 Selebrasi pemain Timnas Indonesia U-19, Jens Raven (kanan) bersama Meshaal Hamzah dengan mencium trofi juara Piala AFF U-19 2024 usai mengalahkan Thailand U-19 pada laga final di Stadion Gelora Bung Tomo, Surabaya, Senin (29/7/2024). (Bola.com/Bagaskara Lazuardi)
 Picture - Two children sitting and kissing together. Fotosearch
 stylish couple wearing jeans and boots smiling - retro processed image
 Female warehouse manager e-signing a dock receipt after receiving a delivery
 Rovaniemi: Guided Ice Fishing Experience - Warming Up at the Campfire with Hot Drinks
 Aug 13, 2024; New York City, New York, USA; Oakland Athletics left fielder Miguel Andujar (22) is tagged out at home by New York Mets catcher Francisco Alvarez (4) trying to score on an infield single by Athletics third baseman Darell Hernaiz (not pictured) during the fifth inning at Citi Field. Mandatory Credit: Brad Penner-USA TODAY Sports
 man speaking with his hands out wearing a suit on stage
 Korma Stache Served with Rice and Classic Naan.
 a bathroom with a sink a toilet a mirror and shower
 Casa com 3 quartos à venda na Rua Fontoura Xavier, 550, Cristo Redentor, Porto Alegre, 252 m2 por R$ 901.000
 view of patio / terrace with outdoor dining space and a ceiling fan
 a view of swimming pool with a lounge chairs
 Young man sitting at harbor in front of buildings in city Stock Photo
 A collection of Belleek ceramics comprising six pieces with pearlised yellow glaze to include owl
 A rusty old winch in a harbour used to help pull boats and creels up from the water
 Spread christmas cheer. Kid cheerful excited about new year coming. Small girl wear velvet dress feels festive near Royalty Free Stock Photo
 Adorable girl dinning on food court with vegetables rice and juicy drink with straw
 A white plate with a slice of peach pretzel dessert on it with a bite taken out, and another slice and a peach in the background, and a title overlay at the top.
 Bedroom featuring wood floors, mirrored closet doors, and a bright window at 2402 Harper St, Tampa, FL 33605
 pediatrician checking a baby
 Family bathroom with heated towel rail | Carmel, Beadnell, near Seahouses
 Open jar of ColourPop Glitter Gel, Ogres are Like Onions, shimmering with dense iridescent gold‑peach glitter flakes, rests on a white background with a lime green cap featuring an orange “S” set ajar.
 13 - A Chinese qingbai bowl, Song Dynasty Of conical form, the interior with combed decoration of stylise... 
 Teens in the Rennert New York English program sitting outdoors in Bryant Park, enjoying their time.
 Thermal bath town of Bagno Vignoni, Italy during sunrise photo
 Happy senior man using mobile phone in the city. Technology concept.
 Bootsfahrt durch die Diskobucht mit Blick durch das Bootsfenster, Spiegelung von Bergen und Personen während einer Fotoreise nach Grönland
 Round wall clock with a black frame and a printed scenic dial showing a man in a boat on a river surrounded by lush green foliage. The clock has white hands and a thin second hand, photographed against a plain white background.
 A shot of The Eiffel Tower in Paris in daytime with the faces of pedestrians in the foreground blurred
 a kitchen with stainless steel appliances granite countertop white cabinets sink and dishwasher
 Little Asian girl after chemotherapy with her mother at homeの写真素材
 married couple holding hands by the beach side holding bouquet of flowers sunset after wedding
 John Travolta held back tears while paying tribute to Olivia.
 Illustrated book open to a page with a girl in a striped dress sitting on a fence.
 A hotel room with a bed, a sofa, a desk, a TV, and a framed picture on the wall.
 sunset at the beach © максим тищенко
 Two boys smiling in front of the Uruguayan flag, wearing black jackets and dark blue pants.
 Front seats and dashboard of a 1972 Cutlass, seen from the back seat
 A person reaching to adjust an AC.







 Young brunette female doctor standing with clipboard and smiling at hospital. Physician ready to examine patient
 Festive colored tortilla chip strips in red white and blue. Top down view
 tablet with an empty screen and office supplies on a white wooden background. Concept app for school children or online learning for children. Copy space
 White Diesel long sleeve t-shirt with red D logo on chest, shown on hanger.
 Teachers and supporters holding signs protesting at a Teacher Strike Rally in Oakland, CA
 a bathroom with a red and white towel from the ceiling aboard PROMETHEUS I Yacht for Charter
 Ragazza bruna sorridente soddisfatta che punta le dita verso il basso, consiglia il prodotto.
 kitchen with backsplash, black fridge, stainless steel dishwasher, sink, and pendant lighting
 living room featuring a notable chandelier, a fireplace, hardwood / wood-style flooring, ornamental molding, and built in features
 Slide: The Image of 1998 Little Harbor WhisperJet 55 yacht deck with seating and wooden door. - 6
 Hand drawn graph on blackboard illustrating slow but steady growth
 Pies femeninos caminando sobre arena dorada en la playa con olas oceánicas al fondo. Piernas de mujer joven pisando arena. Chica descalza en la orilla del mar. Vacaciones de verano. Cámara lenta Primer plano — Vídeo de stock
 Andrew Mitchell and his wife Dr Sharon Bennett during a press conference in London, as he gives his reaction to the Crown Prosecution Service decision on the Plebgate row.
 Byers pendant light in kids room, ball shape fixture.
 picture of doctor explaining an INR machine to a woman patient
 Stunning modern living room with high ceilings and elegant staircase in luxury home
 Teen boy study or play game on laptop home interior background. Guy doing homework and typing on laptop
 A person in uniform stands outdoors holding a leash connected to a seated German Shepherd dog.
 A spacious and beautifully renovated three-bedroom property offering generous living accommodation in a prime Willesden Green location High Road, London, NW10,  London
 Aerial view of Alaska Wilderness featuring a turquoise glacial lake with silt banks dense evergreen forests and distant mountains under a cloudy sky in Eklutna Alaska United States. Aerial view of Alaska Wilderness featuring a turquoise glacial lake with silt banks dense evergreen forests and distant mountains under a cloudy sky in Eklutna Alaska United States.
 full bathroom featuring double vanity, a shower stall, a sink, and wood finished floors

━━━━━━━━━━

● Goal of the exercise
From the listing above, output exactly the run of lines that starts with the line containing "White Diesel long" and ends with the line containing "kitchen with backsplash, black".

● Answer to the exercise
 White Diesel long sleeve t-shirt with red D logo on chest, shown on hanger.
 Teachers and supporters holding signs protesting at a Teacher Strike Rally in Oakland, CA
 a bathroom with a red and white towel from the ceiling aboard PROMETHEUS I Yacht for Charter
 Ragazza bruna sorridente soddisfatta che punta le dita verso il basso, consiglia il prodotto.
 kitchen with backsplash, black fridge, stainless steel dishwasher, sink, and pendant lighting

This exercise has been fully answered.